◆ ABOUT THIS EXERCISE ◆
The records must be duplicated exactly, with every picture left out.

◆ RECORDS FOR THIS EXERCISE ◆
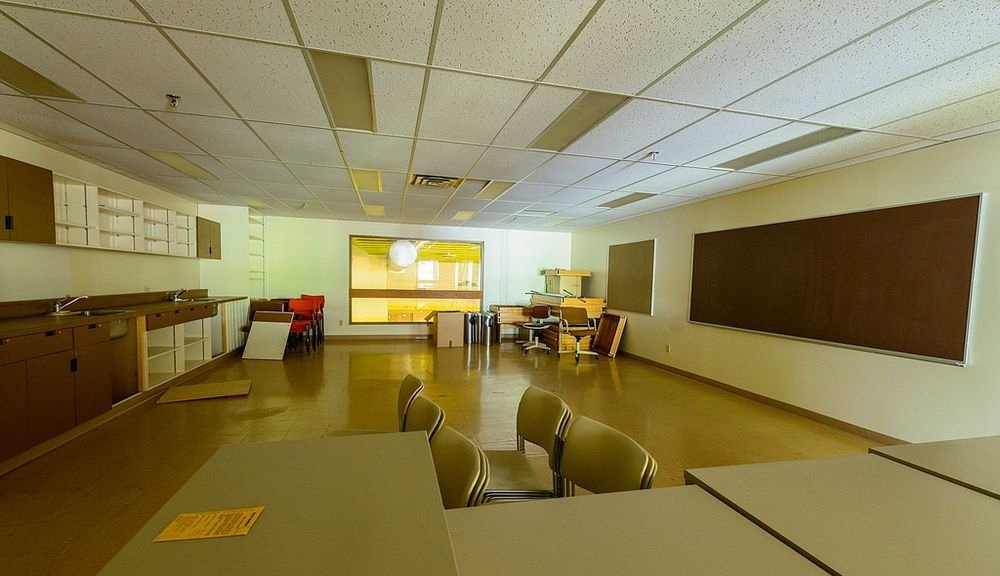 Oraşul pustiu din Canada unde luminile sunt aprinse mereu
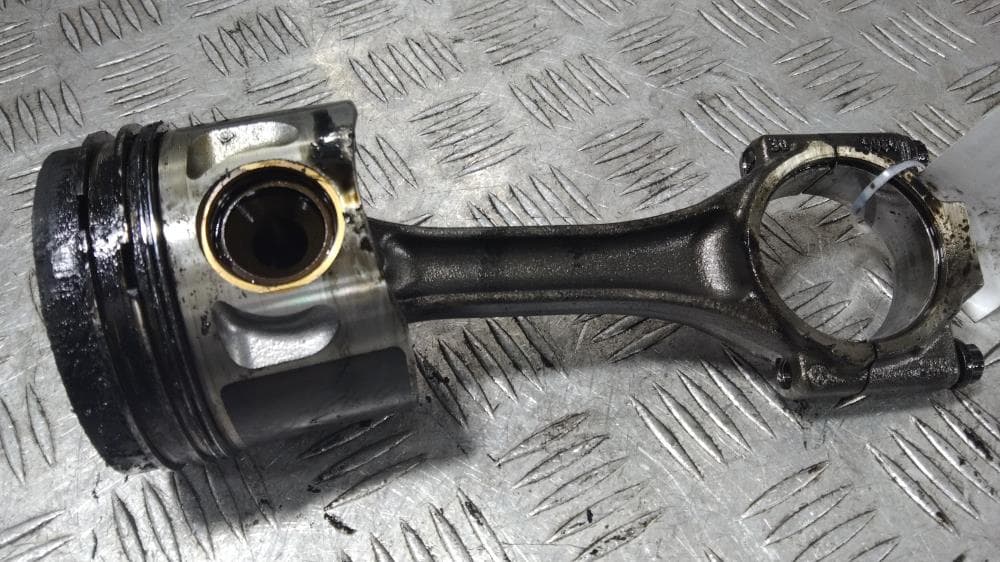 Поршень к Volkswagen Polo 4 (01-05)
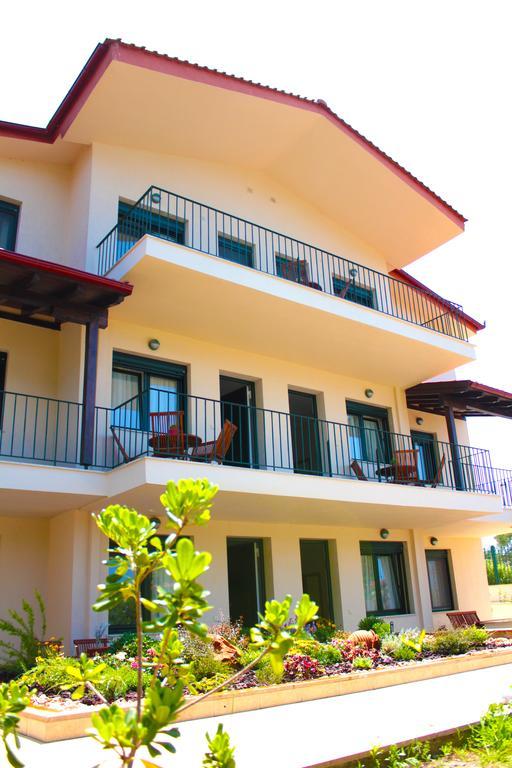 Olive Tree Apartments فوركا المظهر الخارجي الصورة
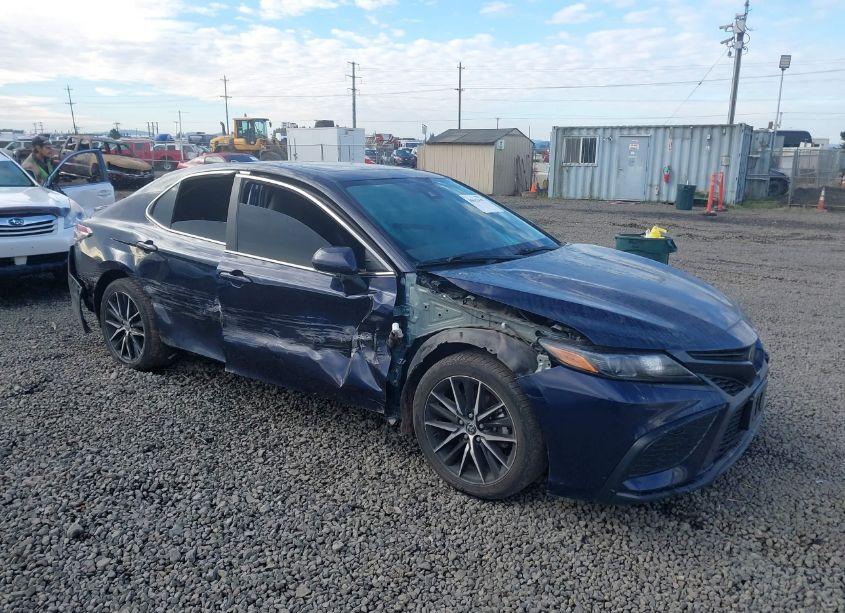 2021 Toyota Camry SE AWD (VIN 4T1T11BK2MU036510) main photo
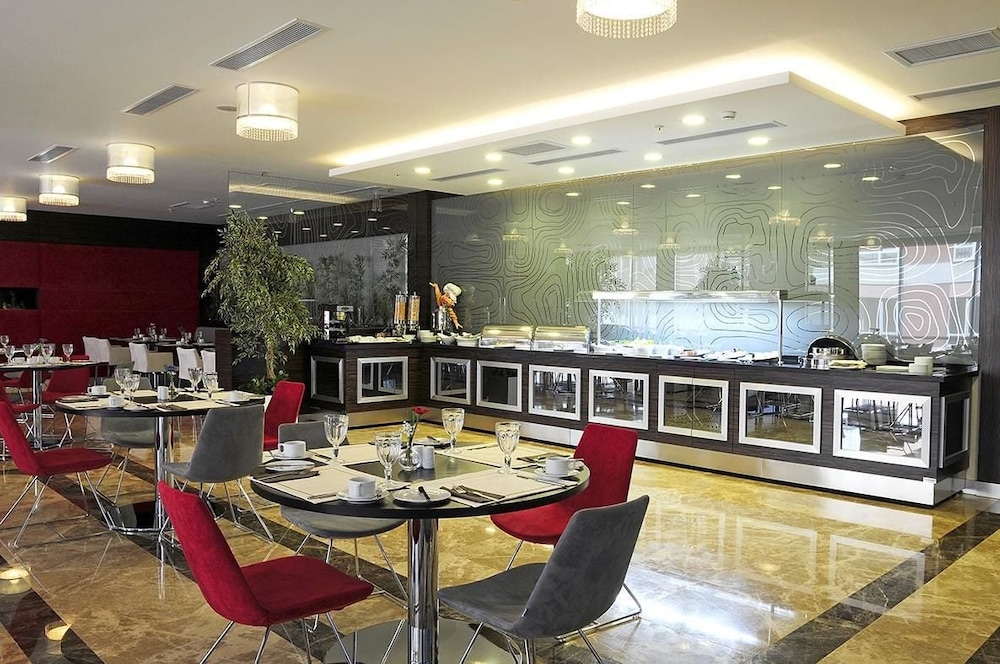 DEMORA HOTEL 35/64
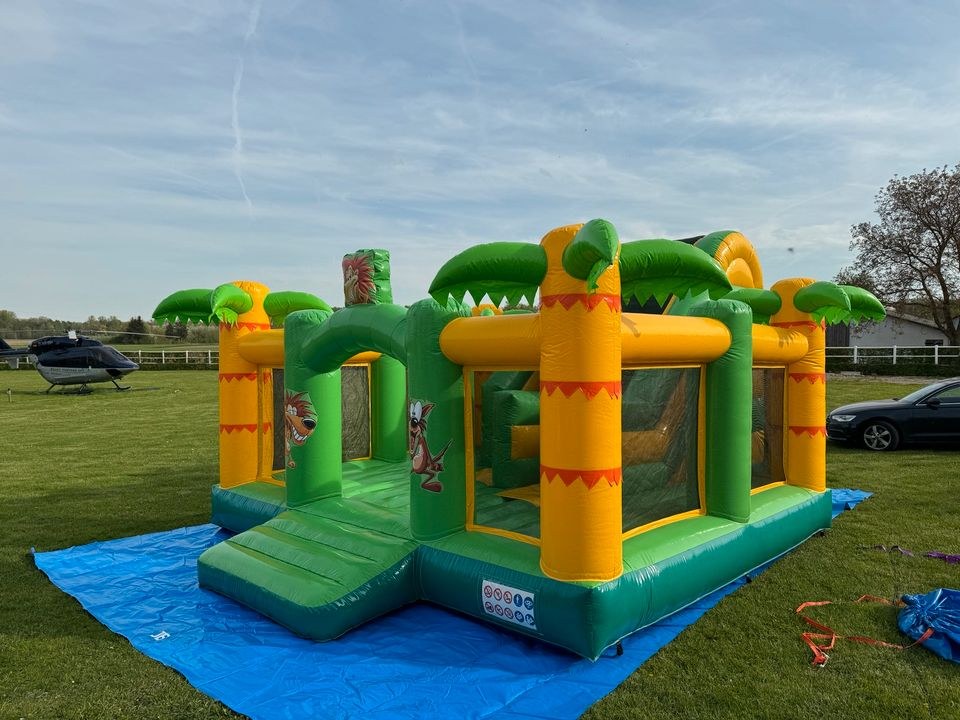 Hüpfburg Jungle Rutsche Kühlanhänger Eventbedarf mieten – 2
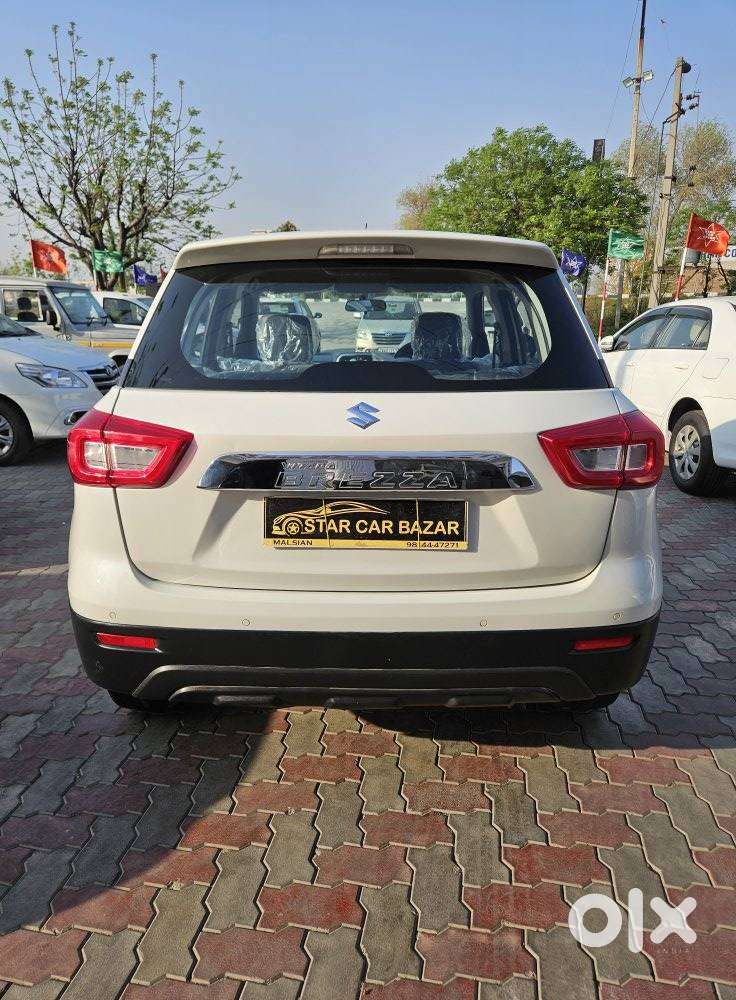 Maruti Suzuki Brezza 1.5 Lxi Smart Hybrid, 2020, Petrol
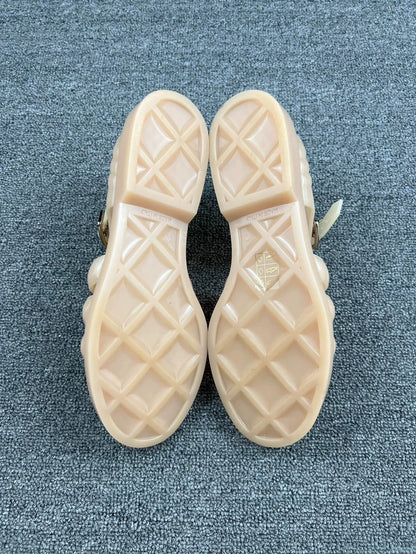 Chanel Beige Jelly Sandals-yf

◆ REPLY ◆
 Oraşul pustiu din Canada unde luminile sunt aprinse mereu
 Поршень к Volkswagen Polo 4 (01-05)
 Olive Tree Apartments فوركا المظهر الخارجي الصورة
 2021 Toyota Camry SE AWD (VIN 4T1T11BK2MU036510) main photo
 DEMORA HOTEL 35/64
 Hüpfburg Jungle Rutsche Kühlanhänger Eventbedarf mieten – 2
 Maruti Suzuki Brezza 1.5 Lxi Smart Hybrid, 2020, Petrol
 Chanel Beige Jelly Sandals-yf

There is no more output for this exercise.